* Brief descriptive captions:

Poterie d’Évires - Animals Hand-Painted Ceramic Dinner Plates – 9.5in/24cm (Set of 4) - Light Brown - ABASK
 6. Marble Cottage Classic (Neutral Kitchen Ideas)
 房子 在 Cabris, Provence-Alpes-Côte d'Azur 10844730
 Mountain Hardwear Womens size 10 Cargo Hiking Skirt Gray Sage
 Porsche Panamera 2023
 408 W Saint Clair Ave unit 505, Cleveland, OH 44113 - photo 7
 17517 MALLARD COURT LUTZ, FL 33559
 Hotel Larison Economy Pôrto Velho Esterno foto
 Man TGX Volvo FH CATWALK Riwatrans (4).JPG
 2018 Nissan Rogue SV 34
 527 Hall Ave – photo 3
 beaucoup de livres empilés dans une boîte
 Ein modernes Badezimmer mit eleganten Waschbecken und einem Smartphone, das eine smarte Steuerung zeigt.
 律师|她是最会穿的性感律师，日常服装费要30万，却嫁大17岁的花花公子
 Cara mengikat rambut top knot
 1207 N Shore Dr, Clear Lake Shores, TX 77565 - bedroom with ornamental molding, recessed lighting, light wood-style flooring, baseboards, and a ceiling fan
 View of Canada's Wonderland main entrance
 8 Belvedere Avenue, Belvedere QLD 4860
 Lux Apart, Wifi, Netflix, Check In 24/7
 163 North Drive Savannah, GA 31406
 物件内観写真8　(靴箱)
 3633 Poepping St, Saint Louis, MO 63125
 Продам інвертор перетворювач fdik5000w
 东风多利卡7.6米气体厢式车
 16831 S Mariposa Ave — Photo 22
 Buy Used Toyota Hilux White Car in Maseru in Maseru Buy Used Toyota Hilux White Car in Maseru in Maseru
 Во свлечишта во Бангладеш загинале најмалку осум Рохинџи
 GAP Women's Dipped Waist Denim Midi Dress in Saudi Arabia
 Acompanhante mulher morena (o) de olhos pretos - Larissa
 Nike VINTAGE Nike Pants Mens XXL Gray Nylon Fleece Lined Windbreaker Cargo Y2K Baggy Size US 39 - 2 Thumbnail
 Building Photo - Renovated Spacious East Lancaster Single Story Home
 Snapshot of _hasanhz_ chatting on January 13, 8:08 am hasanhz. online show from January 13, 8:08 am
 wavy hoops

* Problem statement: Copy out, word for word, the part of the entries above that begins at the line with "6. Marble Cottage" and ends at the line with "Cara mengikat rambut top knot", including both.

* Solution to this exercise:
 6. Marble Cottage Classic (Neutral Kitchen Ideas)
 房子 在 Cabris, Provence-Alpes-Côte d'Azur 10844730
 Mountain Hardwear Womens size 10 Cargo Hiking Skirt Gray Sage
 Porsche Panamera 2023
 408 W Saint Clair Ave unit 505, Cleveland, OH 44113 - photo 7
 17517 MALLARD COURT LUTZ, FL 33559
 Hotel Larison Economy Pôrto Velho Esterno foto
 Man TGX Volvo FH CATWALK Riwatrans (4).JPG
 2018 Nissan Rogue SV 34
 527 Hall Ave – photo 3
 beaucoup de livres empilés dans une boîte
 Ein modernes Badezimmer mit eleganten Waschbecken und einem Smartphone, das eine smarte Steuerung zeigt.
 律师|她是最会穿的性感律师，日常服装费要30万，却嫁大17岁的花花公子
 Cara mengikat rambut top knot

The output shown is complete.